Record extracts:
○ ○ ○ ○ ○ ○ ○

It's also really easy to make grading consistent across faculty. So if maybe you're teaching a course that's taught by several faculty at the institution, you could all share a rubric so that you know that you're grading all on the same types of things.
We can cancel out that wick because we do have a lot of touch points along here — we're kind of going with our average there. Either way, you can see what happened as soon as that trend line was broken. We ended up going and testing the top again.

○ ○ ○ ○ ○ ○ ○

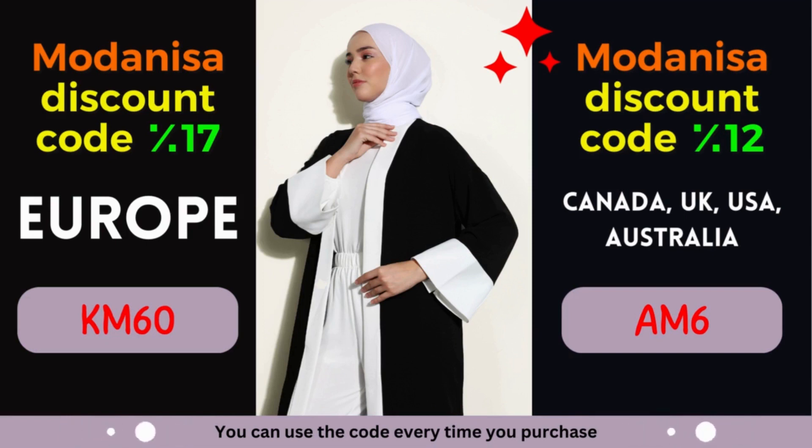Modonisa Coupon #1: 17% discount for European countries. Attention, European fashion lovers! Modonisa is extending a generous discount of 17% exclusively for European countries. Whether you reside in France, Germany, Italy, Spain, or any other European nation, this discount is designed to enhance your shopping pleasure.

○ ○ ○ ○ ○ ○ ○

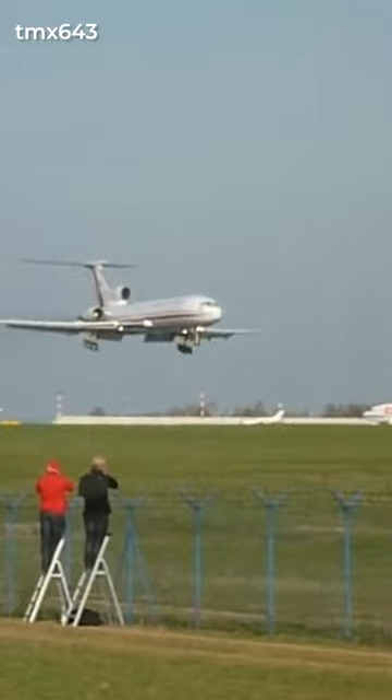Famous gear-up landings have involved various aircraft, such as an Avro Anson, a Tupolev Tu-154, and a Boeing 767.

○ ○ ○ ○ ○ ○ ○

Among the lines above, which hold the word "that"? Report each one.

It's also really easy to make grading consistent across faculty. So if maybe you're teaching a course that's taught by several faculty at the institution, you could all share a rubric so that you know that you're grading all on the same types of things.
We can cancel out that wick because we do have a lot of touch points along here — we're kind of going with our average there. Either way, you can see what happened as soon as that trend line was broken. We ended up going and testing the top again.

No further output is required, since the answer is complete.